We are delighted to announce that the winner of the 2020-2021 Joan Eakin Award for Methodological Excellence in a Qualitative Doctoral Dissertation is Dr. Katie Mah, for her dissertation titled, “Freaked out” by Pediatric Concussion: An Exploration of Drawing and Interview Data Produced by Children ‘at risk’ of and Living with Concussion.

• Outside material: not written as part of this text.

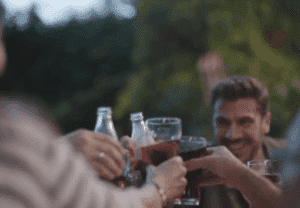Το νέο Video της Coca-Cola με τον Άκη Πετρετζίκη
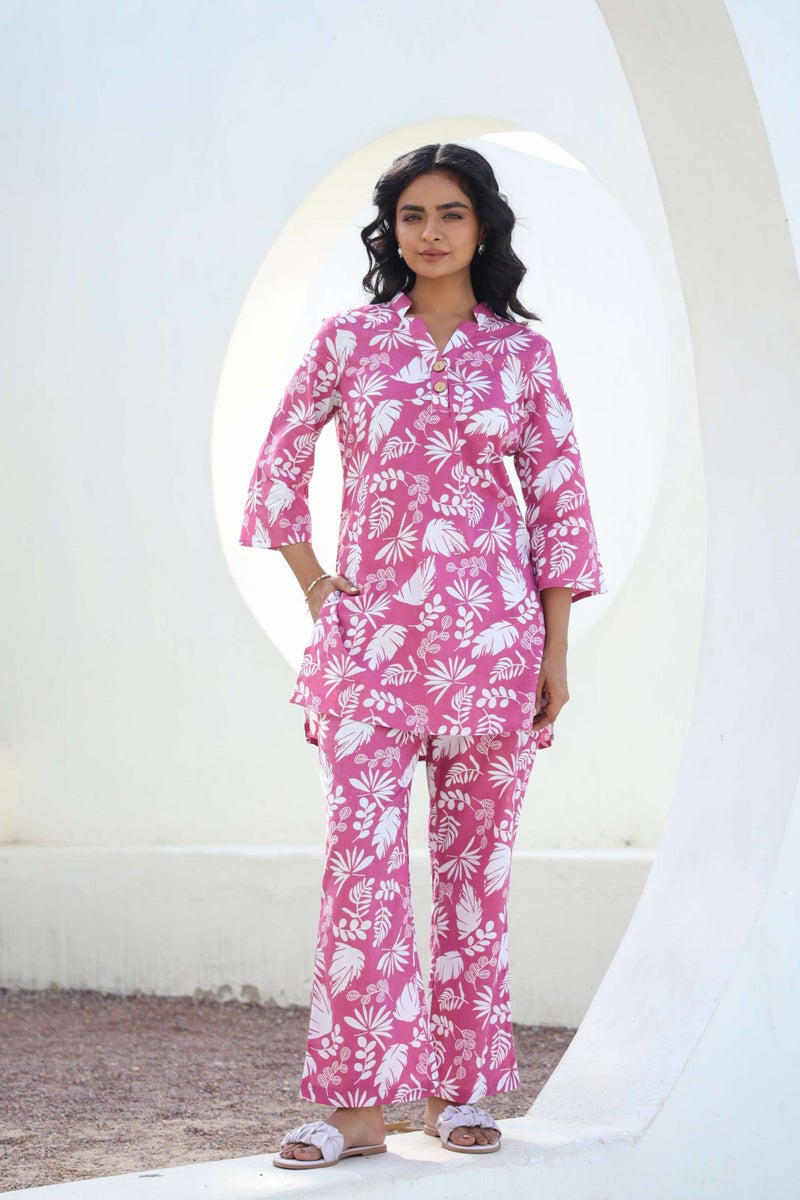 Label Flavia طقم زهور وردي للنساء - Image 1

The Award Committee had the following to say about Dr. Mah’s work:
Dr. Mah’s dissertation is an outstanding submission. The research provides a critical examination of how children experience concussion using the post-structural theory of Michel Foucault and a critical qualitative arts-based approach, including participant drawing and semi-structured interviews. The argument for using a critical qualitative approach is compelling and highly productive in identifying how children achieve social competencies in relation to concussion. Dr. Mah’s reflexivity is a powerful example of the creative presence of the researcher. A clear and well written dissertation took us on a transformative journey; the account helped us to move beyond biomedical concepts towards an understanding of how discourses inhibit the way children experiencing concussion can think, speak, and act. The dissertation is sophisticated, timely and highly relevant.
Dr. Mah is currently a Postdoctoral Associate in the School of Occupational Therapy at Western University. You can follow her on Twitter.
The honourable mention of this year’s award goes to Dr. Tieghan Killackey for her thesis Advance Care Planning in Advanced Heart Failure: A Relational Exploration of Autonomy. Read Dr. Killackey’s thesis here.
The Award Committee made the following comments about her submission:
Dr. Killackey’s dissertation is a highly original exploration of advanced care planning (ACP) among patients experiencing heart failure using a framework of feminist ethical theory and relational autonomy. The study illuminates unexamined power relations that act as oppressive forces inhibiting an individual’s ability to exert decisional autonomy. The dissertation is a refreshing application of theory in cardiovascular research and points to opportunities to enhance individual agency in the face of existing constraint.